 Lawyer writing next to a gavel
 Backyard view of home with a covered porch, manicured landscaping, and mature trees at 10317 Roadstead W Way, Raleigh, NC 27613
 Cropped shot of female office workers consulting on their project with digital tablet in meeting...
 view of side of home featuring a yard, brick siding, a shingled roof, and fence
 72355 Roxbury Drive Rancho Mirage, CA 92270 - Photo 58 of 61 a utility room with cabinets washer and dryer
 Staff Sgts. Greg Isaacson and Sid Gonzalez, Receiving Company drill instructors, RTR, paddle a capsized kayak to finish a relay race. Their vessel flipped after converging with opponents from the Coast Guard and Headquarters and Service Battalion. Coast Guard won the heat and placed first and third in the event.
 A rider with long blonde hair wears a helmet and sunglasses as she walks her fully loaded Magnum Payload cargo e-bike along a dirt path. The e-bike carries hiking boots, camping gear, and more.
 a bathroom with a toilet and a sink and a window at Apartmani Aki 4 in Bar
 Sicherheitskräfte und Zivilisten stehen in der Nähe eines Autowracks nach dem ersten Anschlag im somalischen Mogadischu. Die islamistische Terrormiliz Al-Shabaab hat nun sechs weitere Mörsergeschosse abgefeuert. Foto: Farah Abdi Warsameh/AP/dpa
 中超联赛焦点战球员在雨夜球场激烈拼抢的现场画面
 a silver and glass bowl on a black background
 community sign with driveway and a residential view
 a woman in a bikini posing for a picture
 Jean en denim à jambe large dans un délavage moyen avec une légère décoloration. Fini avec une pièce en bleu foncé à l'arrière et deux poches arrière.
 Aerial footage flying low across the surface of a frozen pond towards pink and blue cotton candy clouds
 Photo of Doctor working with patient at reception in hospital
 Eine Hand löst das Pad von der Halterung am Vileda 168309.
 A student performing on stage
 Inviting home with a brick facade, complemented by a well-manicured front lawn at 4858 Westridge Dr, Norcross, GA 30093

════

▸ **ACTIVITY**:
Taking the entries above, write out exactly each line from the one holding "A rider with" to the one holding "a bathroom with", both included, and stop there.

▸ **WRITTEN RESPONSE**:
 A rider with long blonde hair wears a helmet and sunglasses as she walks her fully loaded Magnum Payload cargo e-bike along a dirt path. The e-bike carries hiking boots, camping gear, and more.
 a bathroom with a toilet and a sink and a window at Apartmani Aki 4 in Bar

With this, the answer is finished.